Don’t get angry because Congress refuses to cut spending. Don’t be upset that our beloved legislators have abandoned efforts to rein in runaway debt. Pay no mind to the fact that Congress has left us in the dark about the tax rates we and our employers will face in just six months. In fact, forget all of the reasons that explain why a whopping 86 percent of the public disapproves of the job Congress is doing.


We’ve got bigger fish to fry. And we can fry them on Harry Reid’s bonfire.


Words can’t express the indignation felt by the Senate majority leader over the U.S. Olympic team’s uniforms being manufactured in China. He wants the uniforms put on a pile and burned.

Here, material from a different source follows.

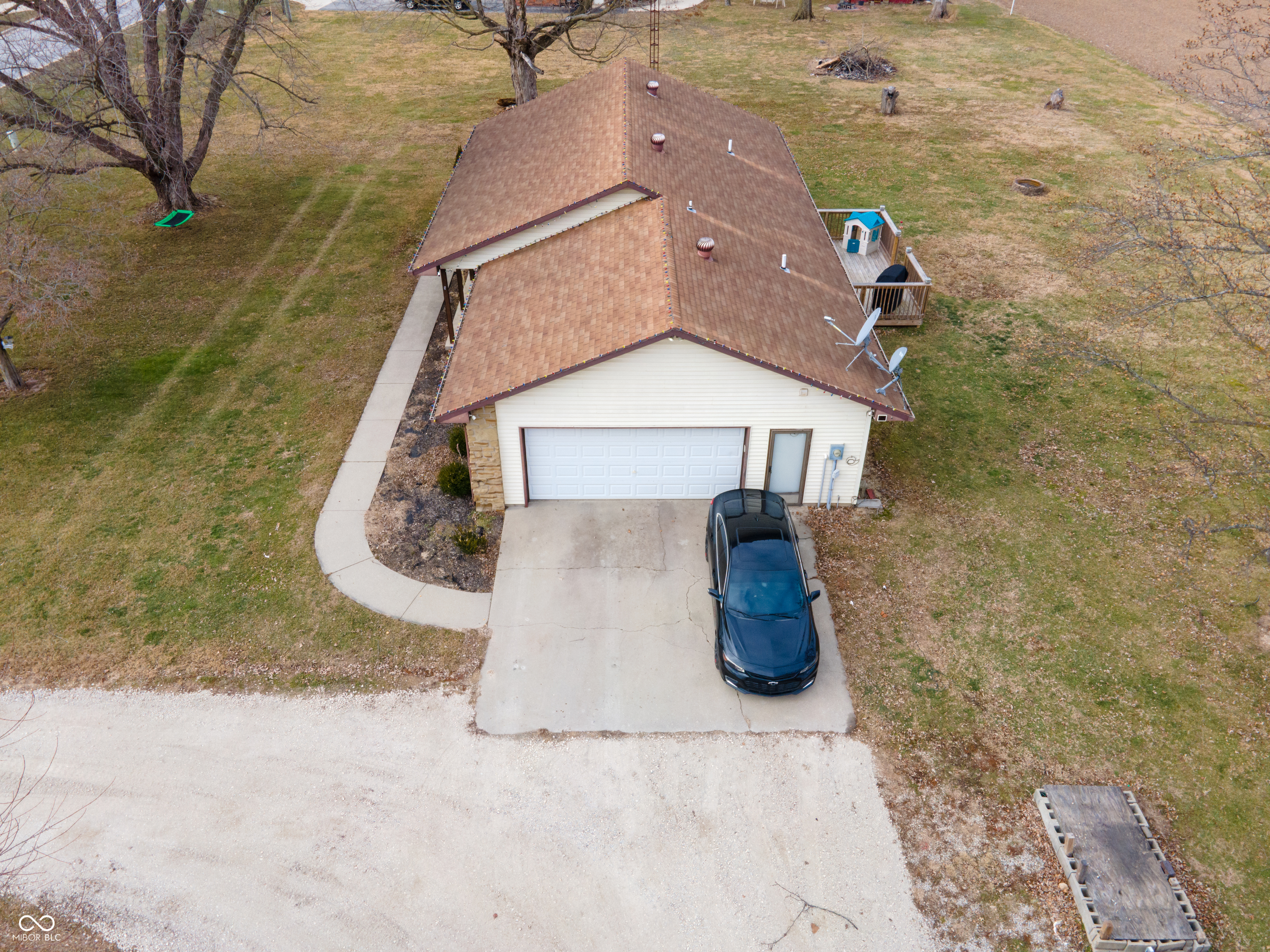3066 West Old State Road Flat Rock, IN 47234 - Photo 43 of 57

Look, politicians are as likely to pass up an opportunity to exploit patriotism in an election year as a dog is to remain parched upon the ringing of a nearby bell. But really, what exactly is un-American about Chinese-made Olympic uniforms? It’s quintessentially American. Probably 80 percent of the clothing in 99 percent of American closets is made in China. And the rest is made in other foreign countries. We don’t make clothing in the United States anymore (with a few small exceptions). But we design clothing here. We brand clothing here. We market and retail clothing here.


The apparel industry employs plenty of Americans, just not in the cutting and sewing operations that our parents and grandparents endured, working long hours for low wages. Congressman Steve Israel, citing 600,000 vacant manufacturing jobs (though I’m not sure what that number means), calls the Olympic Committee’s decision to outsource manufacturing uniforms to China “not just outrageous,” but “plain dumb.” Does Mr. Israel realize that the U.S. Olympic team is privately funded, and that the funders—unlike Congress—feel obligated to stay within budget?


Does Mr. Israel actually believe that producing those couple of hundred uniforms in the United States would spark an employment renaissance? How about if Congress decides what the 2013 tax rates will be today, as opposed to tomorrow? That one extra day of certainty would create far more jobs for a longer period than the one- or two-day production run necessary to make those couple hundred uniforms.


If you are still not convinced that our policymakers’ objections are inane, consider this: As our U.S. athletes march around the track at London’s Olympic stadium wearing their Chinese-made uniforms and waving their Chinese-made American flags, the Chinese athletes will have arrived in London by U.S.-made aircraft, been trained on U.S.-designed and ‑engineered equipment, wearing U.S.-designed and ‑engineered footwear, having perfected their skills using U.S.-created technology.


Our economic relationship with China, characterized by transnational supply chains and disaggregated production sharing, is more collaborative than competitive. The real competition will be happening in the gyms, pools, and on the fields. Let the games begin.